Başbakan’ın asıl görmesi gereken, kendisine taktik ve stratejik hata üzerine hata yaptıran kadrolardır. Libya’da ve Suriye’de gelişmeleri öngöremeyerek dış politikada Türkiye’nin itibarını sarsacak, hatta yoldan çıkaracak kadar sert viraj aldıranlar, hesaba çekilmelidir. Dışişleri Bakanı Ahmet Davutoğlu’nun izlediği komşularla sıfır sorun politikası elbette ki birçok devleti rahatsız edecekti ve etti de. Peki bunun altyapısını oluşturacak kadrolar yetiştirildi mi? Türkçenin Özbek, Kazak, Kırgız lehçelerini akıcı konuşabilen yahut Arapçayı fasih kullanabilen kaç diplomatınız, istihbaratçınız ve uzmanınız var?

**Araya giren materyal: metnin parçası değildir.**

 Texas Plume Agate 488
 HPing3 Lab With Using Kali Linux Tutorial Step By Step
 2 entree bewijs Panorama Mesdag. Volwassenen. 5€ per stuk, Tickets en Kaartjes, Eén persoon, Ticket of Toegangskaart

Yüksek sesle konuşup,  “Avâzeyi şu âleme Davut gibi sal / Bâki kalan bu kubbede bir hoş sâda imiş” diyorsanız, kulaklarınızın da pasını silmeli gözlerini dört açmalısınız. Sadece üst perdeden davudi bir sesle dünyaya nizam veremeyeceğiniz gibi tek fidanla çevrenizi ağaçlandıramaz, yeşertemezsiniz. Karşı tarafın hamlelerini zamanında sezebilmeli ve karşı tedbirleri alabilmelisiniz.
Habur skandalının, Uludere faciasının sorumlularını ortaya çıkaramadan dış dünyaya nasıl meydan okuyabilirsiniz? Soruları artırabiliriz. Oslo müzakereleri devam ediyor mu, KCK operasyonları sürecek mi? Sözün özü; dışarıda attığınız her adıma karşılık karşı taraftan gelen salvoları savuşturamadığınızı göremiyor musunuz?
Dinlenmek devlet adamlarını önemli kılmaz, dinlenmeyi önleyebiliyor yahut en azından dinleyeni bulup cezalandırabiliyorsanız şahsınızla birlikte makamınızı da yüceltirsiniz. Yoksa bu gündem değiştirme taktikleri de bir müddet sonra kabak tadı vermeye başlar. İçeride desteğinizi yitirdiğiniz takdirde dışarıya karşı da hem kendinizi hem devleti savunmasız bırakırsınız.